Bug#440420: [PROPOSAL] Manual page encoding
Colin Watson <cjwatson@debian.org> writes:
> Right. Here's an update; I think I've captured most of the discussion in
> the thread so far. The following patch could in principle be applied
> now, given seconds. Wordsmithing welcome, as I'm aware that this is a
> rather dense recommendation; I'm also looking for seconds for this
> proposal.
This proposal and patch looks good to me, although I'd prefer to see a few
more seconds before I queue it up for applying to Policy 3.7.4.
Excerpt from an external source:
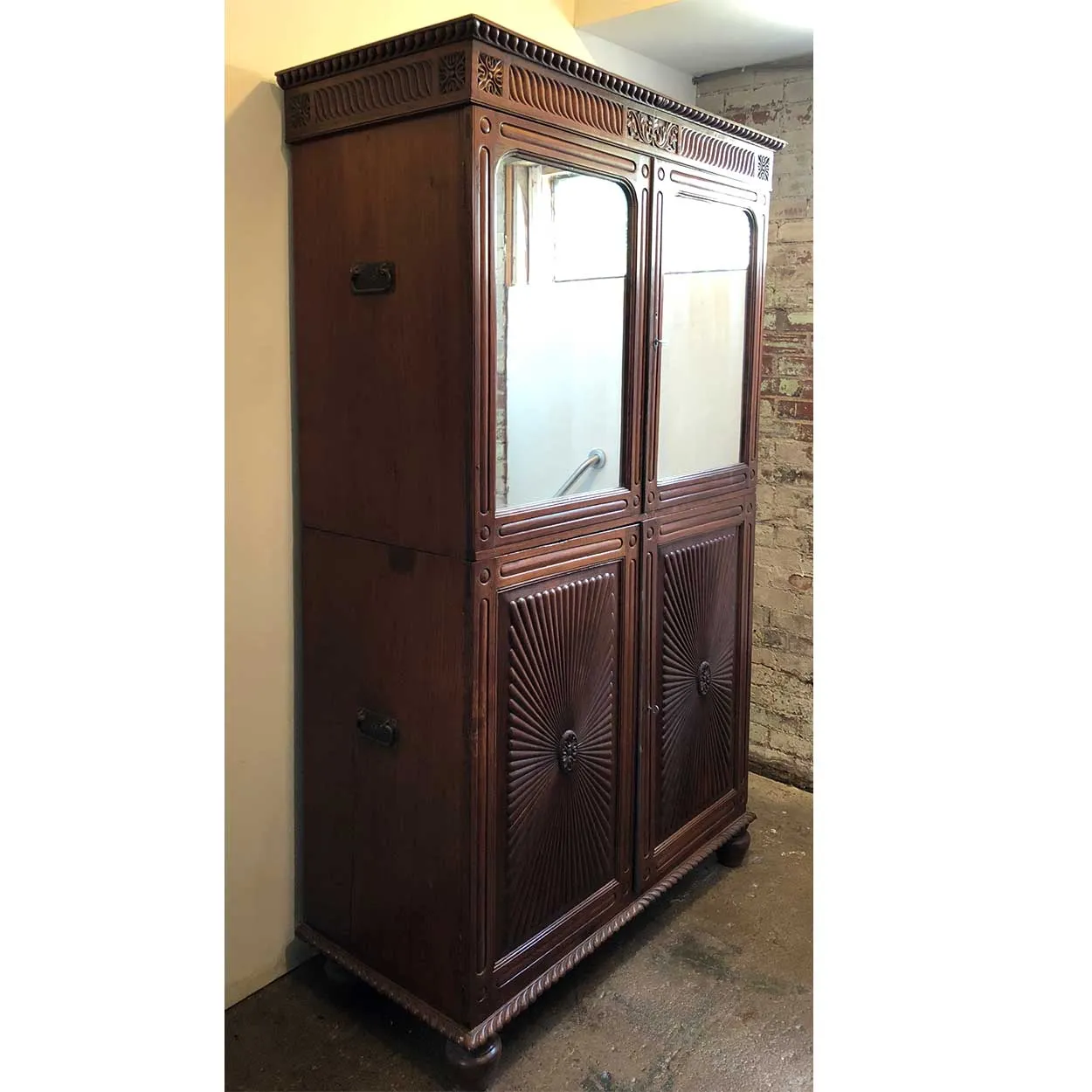 Anglo Indian Rosewood Mirrored Linen Press Cabinet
> I'm still open to whether new-world-order pages should go in
> /usr/share/man/LL.UTF-8 or just /usr/share/man/LL. Pros for LL.UTF-8:
>
> * Non-compliant implementations (I'm guessing xman, yelp, etc.) will
> display English manual pages rather than misencoded garbage. This
> might not be such a big deal for European languages, but for e.g.
> Japanese I suspect most people would prefer English to the spew you
> get by trying to interpret UTF-8 as EUC-JP.
I'd rather fix the other implementations, frankly. All of Debian is
moving towards UTF-8, as is all of the rest of the Linux world, and I'd
rather not leave transitional measures around forever.
> * Determining progress towards universal UTF-8 encoding can trivially
> be done by scanning Contents files rather than having to unpack the
> archive and run iconv over everything.
Yeah, but we already have an unpacked version of the archive available in
the lintian lab, so doing this isn't too bad.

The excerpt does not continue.